La struttura organizzativa dello stato, in particolare quella territoriale, così com’è rappresenta un livello di costi ormai insostenibile, con un funzionamento lento e scarsamente efficace. Come si diceva nell’ultimo numero, le soluzioni esistono a livello legislativo, ma sono poco praticate: tutte hanno una loro validità e sono da valutarsi secondo le diverse esigenze locali. Si tratti di Comunità Montana, Circondario, Unione e/o Fusione di comuni, l’obiettivo rimane sempre quello di arrivare ad accorpamenti logici, a ridurre il numero dei comuni piccoli per creare delle strutture efficienti per costi ed efficaci per i cittadini.
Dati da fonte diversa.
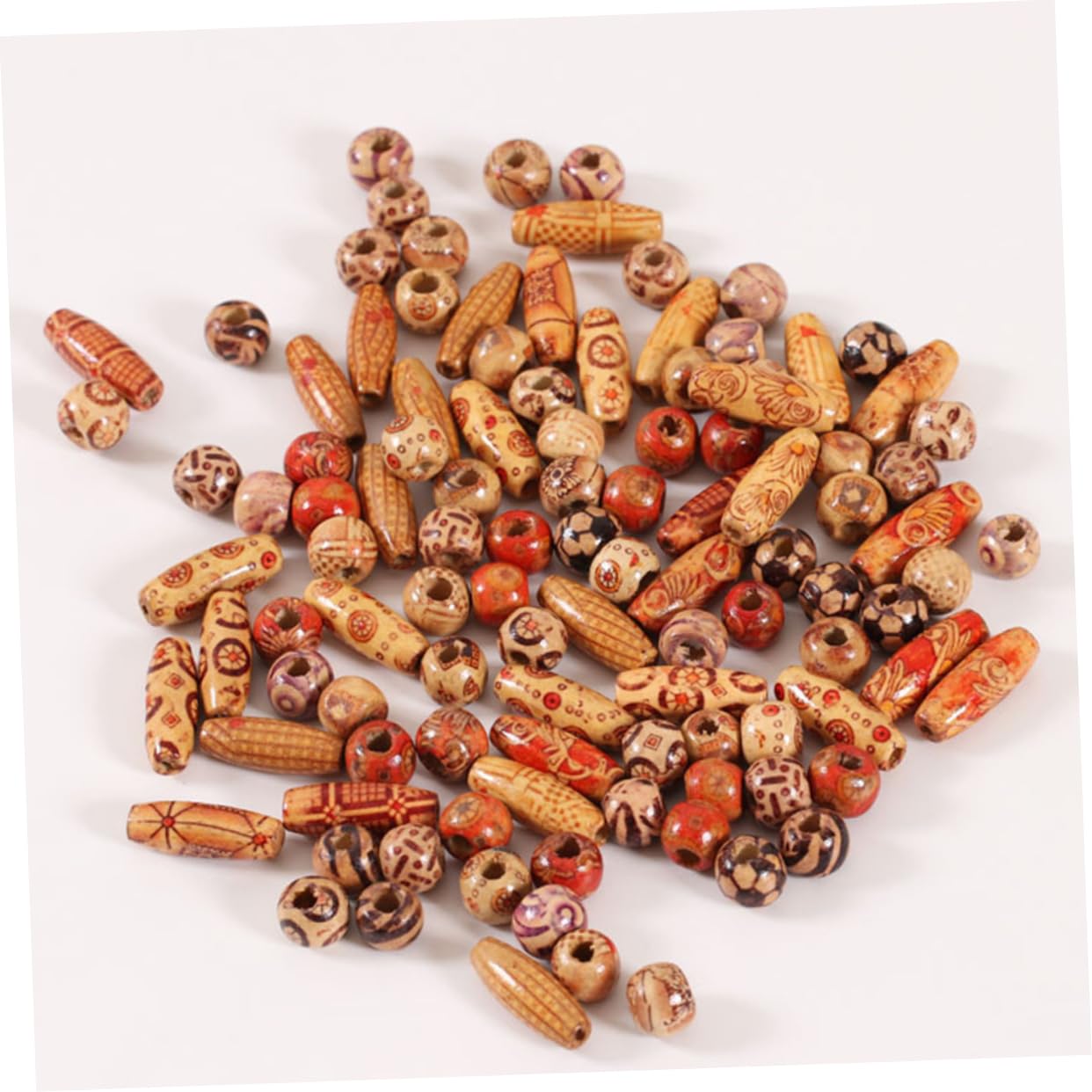 STOBOK 400 Piezas Decoran Cuentas Espaciadoras Accesorios De Cuentas De Madera Redondas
In Italia esistono oltre 5.800 comuni (su un totale di 8.100) che non raggiungono i 5.000 abitanti, con una popolazione media di 1.700/1.800 cittadini, sparsi dal Nord al Sud, ma con prevalenza nel settentrione d’Italia.
Molti comuni cercano di diventare “grandi” con la costruzione di case e quindi l’aumento della popolazione: è comprensibile essendo gli oneri derivanti dall’edilizia e il numero degli abitanti le più importanti fonti di finanziamento comunale (la maggior parte dei trasferimenti statali è legata a questo parametro). Questo è fatto anche tra comuni limitrofi, una specie di forte concorrenza che finisce normalmente per trascurare una visione e gestione complessivo del territorio e rischia, a mio avviso, di generare tra non molto una potenziale “bolla” edilizia, non essendo prevedibile una domanda eternamente in crescita.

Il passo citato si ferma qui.